Could concentrated solar energy be used to reverse combustion and convert carbon dioxide back into gasoline? That's what scientists at Sandia National Laboratories, in Albuquerque, NM, aim to find out by building a novel reactor that can chemically "reenergize" carbon dioxide.
The device uses a two-stage thermochemical reaction to break down carbon dioxide to produce carbon monoxide, says Nathan Siegel, a senior member of technical staffat Sandia's Solar Technologies Department and one of the researchers developing the technology. "Carbon dioxide is a combustion product, so what we're doing is reversing combustion," he says. The carbon monoxide can then readily be employed to produce a range of different fuels, including hydrogen, methanol, and gasoline, using conventional technologies.
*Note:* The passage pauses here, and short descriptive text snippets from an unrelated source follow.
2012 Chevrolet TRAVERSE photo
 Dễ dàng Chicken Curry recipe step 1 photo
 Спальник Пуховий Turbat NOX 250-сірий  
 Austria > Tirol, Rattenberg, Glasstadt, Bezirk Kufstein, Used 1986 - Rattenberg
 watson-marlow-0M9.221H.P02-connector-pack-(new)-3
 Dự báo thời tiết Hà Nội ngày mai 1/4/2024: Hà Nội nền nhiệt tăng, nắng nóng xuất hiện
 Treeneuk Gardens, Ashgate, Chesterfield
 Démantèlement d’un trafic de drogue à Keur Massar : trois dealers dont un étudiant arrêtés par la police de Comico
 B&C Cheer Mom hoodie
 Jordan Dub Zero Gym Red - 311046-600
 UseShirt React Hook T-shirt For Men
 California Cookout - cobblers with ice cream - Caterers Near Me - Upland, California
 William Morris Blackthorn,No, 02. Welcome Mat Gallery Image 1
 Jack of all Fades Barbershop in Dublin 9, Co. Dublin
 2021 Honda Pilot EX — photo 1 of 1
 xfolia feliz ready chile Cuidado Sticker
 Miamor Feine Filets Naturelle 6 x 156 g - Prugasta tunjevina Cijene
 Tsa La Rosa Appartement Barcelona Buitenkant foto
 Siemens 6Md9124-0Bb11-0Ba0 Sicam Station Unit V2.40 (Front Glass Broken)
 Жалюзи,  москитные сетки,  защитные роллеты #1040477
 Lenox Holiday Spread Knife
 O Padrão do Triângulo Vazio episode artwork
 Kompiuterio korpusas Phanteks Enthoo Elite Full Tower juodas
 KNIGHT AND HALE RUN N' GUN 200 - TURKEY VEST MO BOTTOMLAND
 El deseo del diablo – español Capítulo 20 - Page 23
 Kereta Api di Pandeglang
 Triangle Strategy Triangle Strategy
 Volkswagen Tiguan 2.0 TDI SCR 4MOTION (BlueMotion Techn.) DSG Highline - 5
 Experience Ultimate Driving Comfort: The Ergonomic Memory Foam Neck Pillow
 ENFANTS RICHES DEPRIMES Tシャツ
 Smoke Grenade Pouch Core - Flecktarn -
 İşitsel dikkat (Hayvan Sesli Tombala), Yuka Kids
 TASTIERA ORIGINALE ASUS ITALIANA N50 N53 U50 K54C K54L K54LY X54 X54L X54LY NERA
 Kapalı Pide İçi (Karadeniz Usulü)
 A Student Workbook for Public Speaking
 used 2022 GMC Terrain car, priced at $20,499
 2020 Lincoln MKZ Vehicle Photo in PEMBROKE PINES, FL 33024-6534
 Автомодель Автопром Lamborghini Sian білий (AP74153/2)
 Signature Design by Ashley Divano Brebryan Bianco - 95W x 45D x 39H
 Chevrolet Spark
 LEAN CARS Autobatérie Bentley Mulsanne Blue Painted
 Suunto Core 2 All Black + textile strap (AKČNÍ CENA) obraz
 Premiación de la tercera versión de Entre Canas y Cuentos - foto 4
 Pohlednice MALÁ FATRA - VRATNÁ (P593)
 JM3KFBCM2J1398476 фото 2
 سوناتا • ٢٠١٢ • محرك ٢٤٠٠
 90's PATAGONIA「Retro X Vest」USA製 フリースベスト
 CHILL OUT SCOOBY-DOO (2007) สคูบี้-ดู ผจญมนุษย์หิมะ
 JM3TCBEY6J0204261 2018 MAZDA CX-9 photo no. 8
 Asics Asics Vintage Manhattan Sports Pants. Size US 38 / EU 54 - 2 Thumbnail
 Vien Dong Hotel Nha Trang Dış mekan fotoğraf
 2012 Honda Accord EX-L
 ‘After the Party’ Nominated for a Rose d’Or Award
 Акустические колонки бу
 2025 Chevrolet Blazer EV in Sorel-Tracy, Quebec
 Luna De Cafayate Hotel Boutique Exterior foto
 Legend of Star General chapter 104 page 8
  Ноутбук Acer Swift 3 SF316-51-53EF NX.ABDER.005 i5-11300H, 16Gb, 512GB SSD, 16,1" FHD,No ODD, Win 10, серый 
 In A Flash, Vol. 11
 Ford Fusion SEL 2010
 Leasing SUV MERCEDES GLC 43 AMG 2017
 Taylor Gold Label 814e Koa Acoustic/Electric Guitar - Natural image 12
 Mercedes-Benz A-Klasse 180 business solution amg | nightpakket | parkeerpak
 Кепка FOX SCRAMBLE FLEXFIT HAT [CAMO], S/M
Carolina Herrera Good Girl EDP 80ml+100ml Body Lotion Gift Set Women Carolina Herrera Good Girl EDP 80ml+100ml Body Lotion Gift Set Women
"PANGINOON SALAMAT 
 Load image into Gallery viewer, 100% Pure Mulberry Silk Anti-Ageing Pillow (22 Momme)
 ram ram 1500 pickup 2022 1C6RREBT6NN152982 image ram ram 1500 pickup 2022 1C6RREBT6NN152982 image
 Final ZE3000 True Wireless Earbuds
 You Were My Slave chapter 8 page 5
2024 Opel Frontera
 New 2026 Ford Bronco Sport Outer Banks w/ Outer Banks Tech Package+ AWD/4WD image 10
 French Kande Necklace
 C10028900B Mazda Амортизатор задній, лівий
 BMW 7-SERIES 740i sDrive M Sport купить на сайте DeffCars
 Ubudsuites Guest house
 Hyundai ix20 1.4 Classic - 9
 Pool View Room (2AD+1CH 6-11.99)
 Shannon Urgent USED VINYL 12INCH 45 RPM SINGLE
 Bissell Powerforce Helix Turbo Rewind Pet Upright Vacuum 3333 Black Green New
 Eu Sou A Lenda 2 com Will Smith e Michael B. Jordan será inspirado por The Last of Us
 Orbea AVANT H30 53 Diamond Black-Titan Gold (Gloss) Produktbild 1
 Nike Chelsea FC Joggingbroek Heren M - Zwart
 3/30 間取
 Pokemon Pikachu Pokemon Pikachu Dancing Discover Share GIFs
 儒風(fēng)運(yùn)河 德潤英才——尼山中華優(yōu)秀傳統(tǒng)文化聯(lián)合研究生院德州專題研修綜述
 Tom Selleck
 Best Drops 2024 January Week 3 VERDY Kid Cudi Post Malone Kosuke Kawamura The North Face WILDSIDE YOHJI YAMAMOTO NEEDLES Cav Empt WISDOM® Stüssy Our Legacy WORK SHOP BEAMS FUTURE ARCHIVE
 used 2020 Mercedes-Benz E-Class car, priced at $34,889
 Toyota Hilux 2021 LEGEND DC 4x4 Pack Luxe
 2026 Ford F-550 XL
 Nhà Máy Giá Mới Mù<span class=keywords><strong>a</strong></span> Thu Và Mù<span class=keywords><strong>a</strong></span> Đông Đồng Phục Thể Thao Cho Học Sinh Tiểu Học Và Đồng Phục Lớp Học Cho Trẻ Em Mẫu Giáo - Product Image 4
Within the Sandia reactor, invented by Sandia researcher Rich Diver, is a ring of a cobalt-ferrite ceramic material, which is essentially made up of iron oxide and cobalt. A parabolic solar concentrator directs sunlight onto the ceramic material, heating it to around 1,500 °C and causing it to give up oxygen.
As the ring continually rotates, the reduced material passes into a second, separate chamber containing carbon dioxide. Having given up its oxygen, the ceramic reacts with the carbon dioxide, stealing oxygen atoms off it. The result is the production of carbon monoxide. The process is continuous, so that the oxidized ceramic once again passes back into the solar chamber where it is again reduced. "It will work with either carbon dioxide to make carbon monoxide or with water to make hydrogen," says Siegel.
At least that's the theory. The Sandia group has carried out proof of principle demonstrations of various stages of the device but has yet to show that they all work together. The team is building a prototype that will be ready for testing by late spring. "It's 95 percent built," says Siegel.
The cobalt-ferrite ceramic was originally developed in Japan and is easy to produce. To maximize its effect, the material is constructed into a matrix of crisscrossing one-millimeter-diameter rods. This has the effect of producing a high surface area with which to react with the carbon dioxide.
By next June, the researchers expect to have the reactor's performance mapped out, and if it does as well as they expect, a practical version could be available within five years.
"At the moment, we are looking at getting carbon dioxide from industrial sources," says Siegel. The real potential, however, is to capture carbon-dioxide emissions and reuse them as fuel. "We're also looking at ways to pull carbon dioxide out of the air," he says. This would allow the reactor to be mounted anywhere, sucking up the atmospheric greenhouse gas and turning it into fuel. However, Siegel stresses, this is at a much earlier stage of development.
Despite the huge potential, there is currently very little research into finding ways to harness solar energy to produce carbon monoxide from carbon dioxide, says Siegel. But such technology deals with two problems directly: putting carbon dioxide to good use, and finding a way to make the best of the sporadic nature of solar energy. "It offers a way to store this solar energy and use it when you want it," he says.
It's excellent work and, in principle, scientifically quite possible, says Christian Sattler, of the Institute of Technical Thermodynamics at the German Aerospace Center, in Cologne. "The question is, at what efficiency?" he says. "How much energy does it take to carry out this reduction? It may be more efficient to use the solar energy for direct power production."